*Work order:* Your copy of the data should leave out the images and match everything else exactly.

*Source information:*
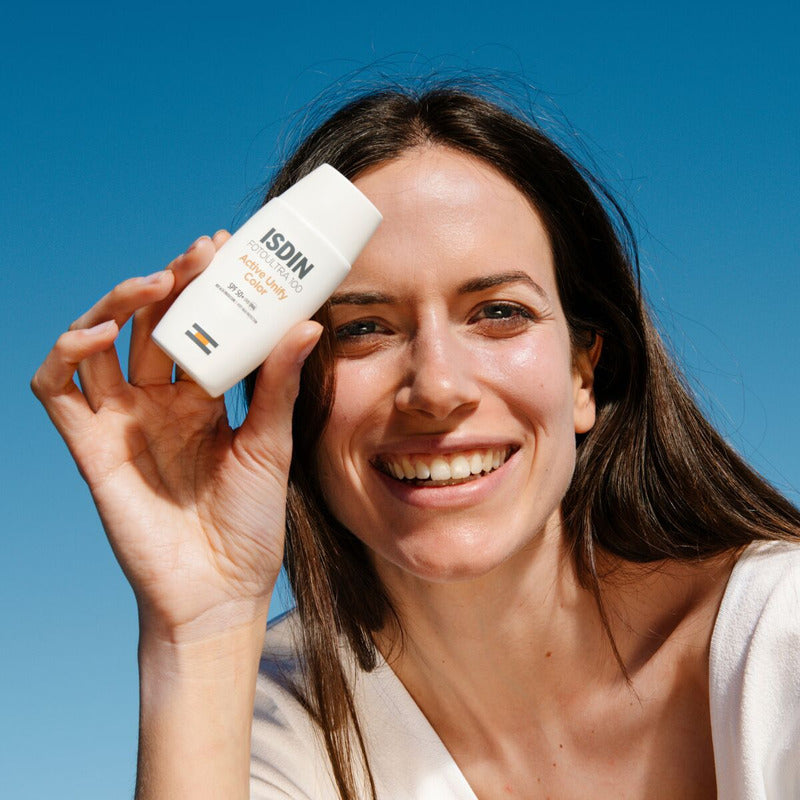 Isdin Foto Ultra 100 Active Unify Color Claro Spf 50+ 50ml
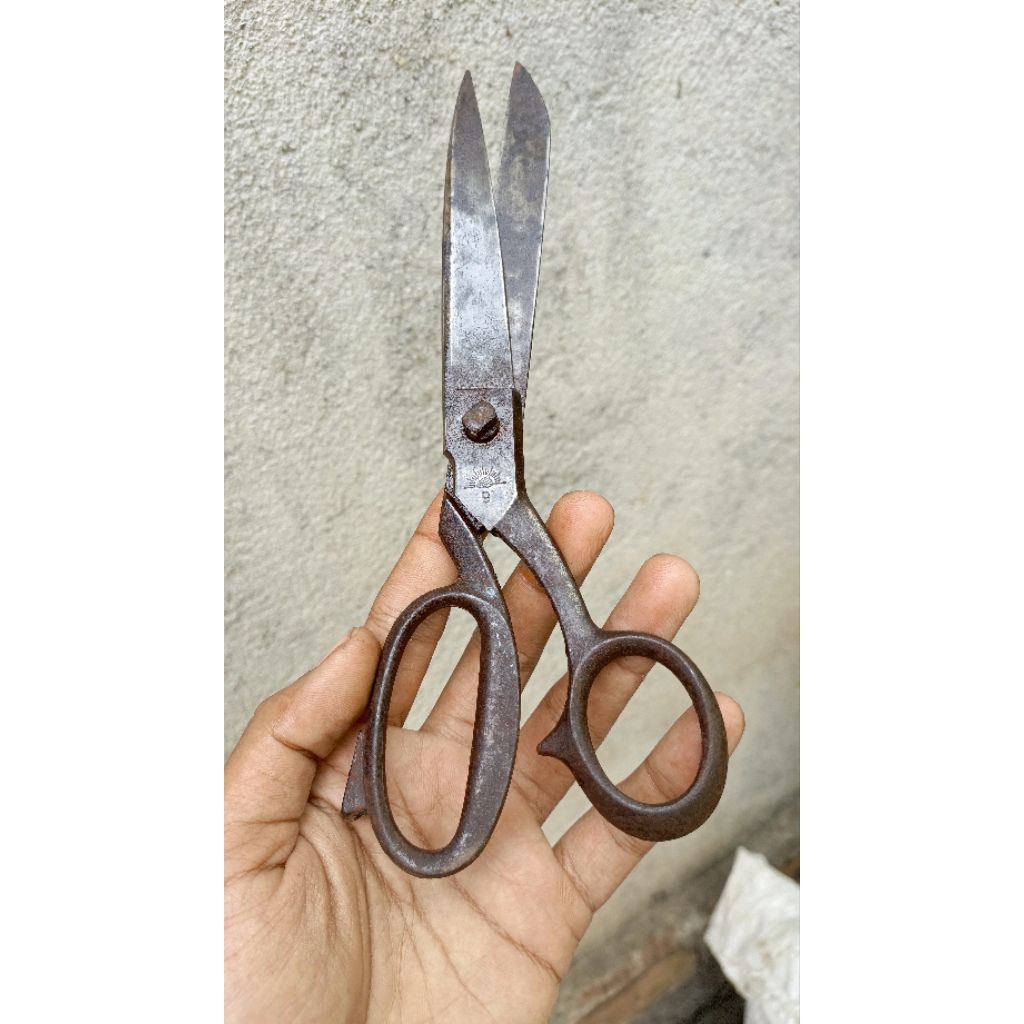 

gunting solingen carl schlieper germany antik jadul lawas rustik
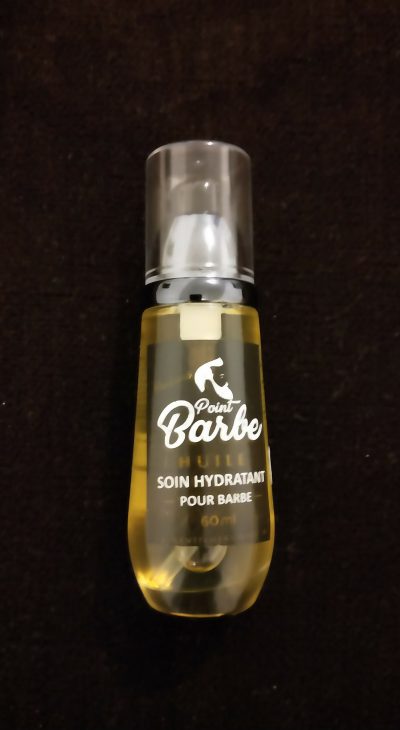 Point Barbe - Huile parfumée pour barbe (SOIN HYDRATANT pour barbe) - 60ml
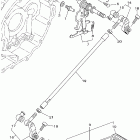 ROAD STAR (SPOKE WHEELS)-XV17ATC/XV17AT Вал переключения
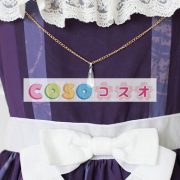 ロリィタジャンパースカート　可愛い　合成繊維　プリント柄　リボン　パーティー　 ―Lolita0669 4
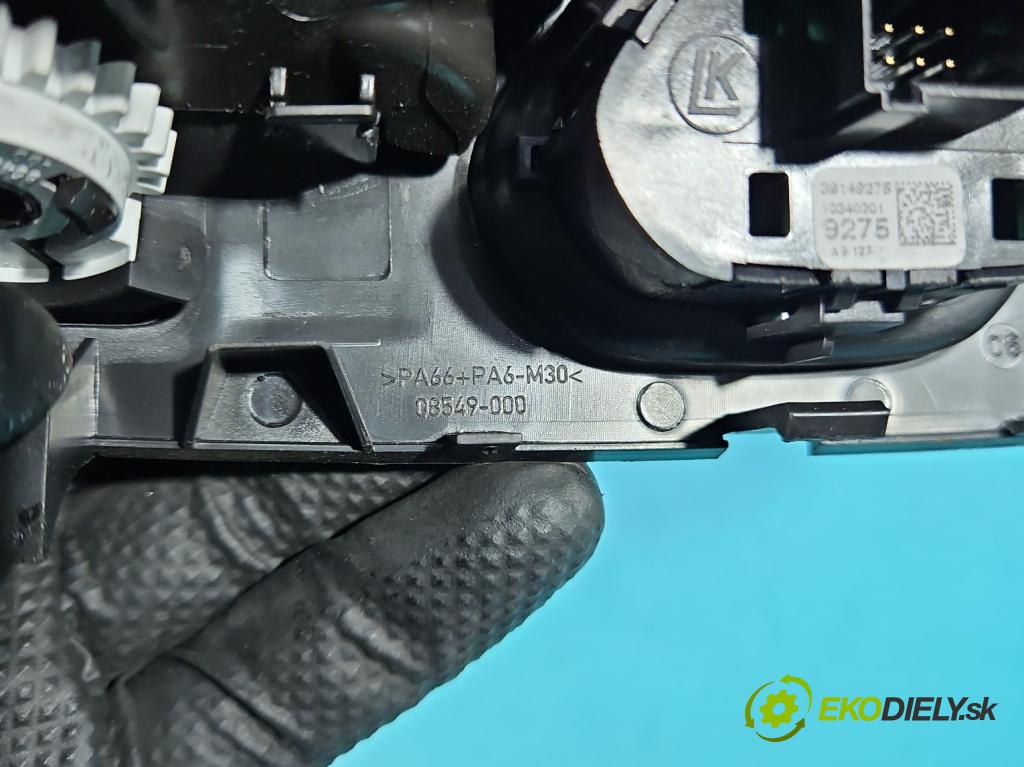 Opel Corsa E 2014-2019 1.4 16V 90 HP manual 66 kW 1398 cm3 5- Mřížka: kúrenia stredová 39149275 (Mriežka kúrenia (fukár))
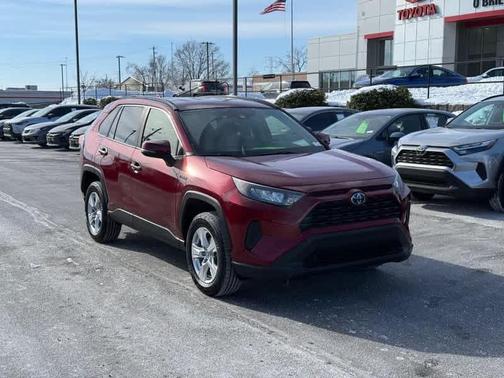 2021 Toyota RAV4 Hybrid LE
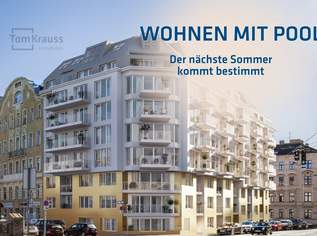 URBANEs WOHNEN MIT BALKON UND SWIMMINGPOOL IM 3. BEZIRK, 520600 €, Immobilien-Wohnungen in 1030 Landstraße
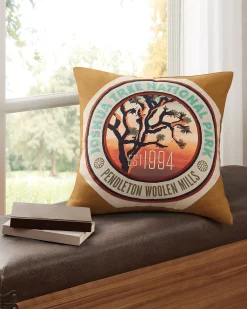 Pendleton JOSHUA TREE NATIONAL PARK PATCH PILLOW ONE SIZE Discount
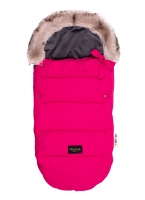 Fusak 4 v 1 s kožušinkou a mašličkou, 110 x 50 cm, nellys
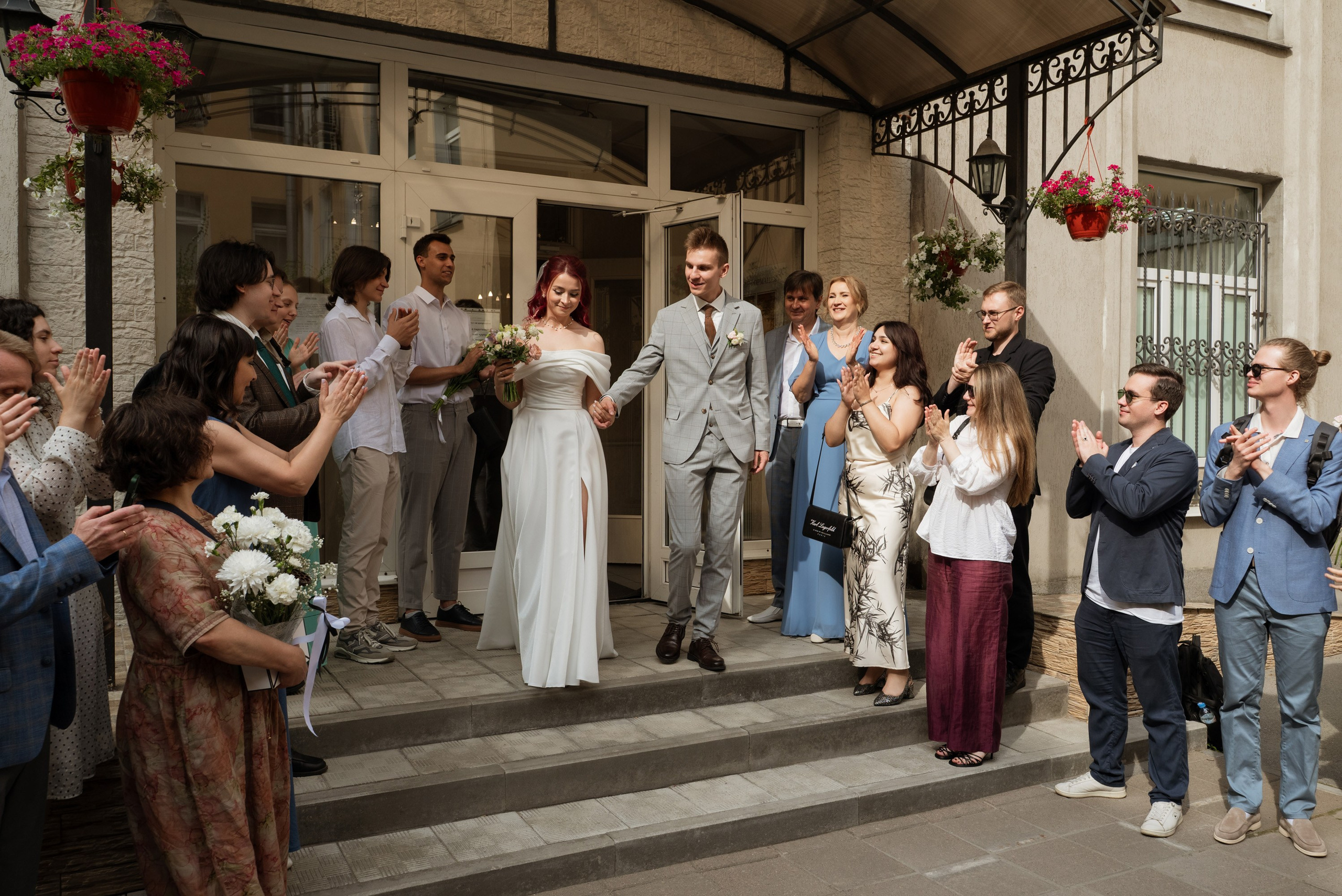 Пётр и Ирина | 01.08.25. Свадебный фотограф в Санкт-Петербурге Владислава Тюльпина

*Task output:*
 Isdin Foto Ultra 100 Active Unify Color Claro Spf 50+ 50ml

gunting solingen carl schlieper germany antik jadul lawas rustik
 Point Barbe - Huile parfumée pour barbe (SOIN HYDRATANT pour barbe) - 60ml
 ROAD STAR (SPOKE WHEELS)-XV17ATC/XV17AT Вал переключения
 ロリィタジャンパースカート　可愛い　合成繊維　プリント柄　リボン　パーティー　 ―Lolita0669 4
 Opel Corsa E 2014-2019 1.4 16V 90 HP manual 66 kW 1398 cm3 5- Mřížka: kúrenia stredová 39149275 (Mriežka kúrenia (fukár))
 2021 Toyota RAV4 Hybrid LE
 URBANEs WOHNEN MIT BALKON UND SWIMMINGPOOL IM 3. BEZIRK, 520600 €, Immobilien-Wohnungen in 1030 Landstraße
 Pendleton JOSHUA TREE NATIONAL PARK PATCH PILLOW ONE SIZE Discount
 Fusak 4 v 1 s kožušinkou a mašličkou, 110 x 50 cm, nellys
 Пётр и Ирина | 01.08.25. Свадебный фотограф в Санкт-Петербурге Владислава Тюльпина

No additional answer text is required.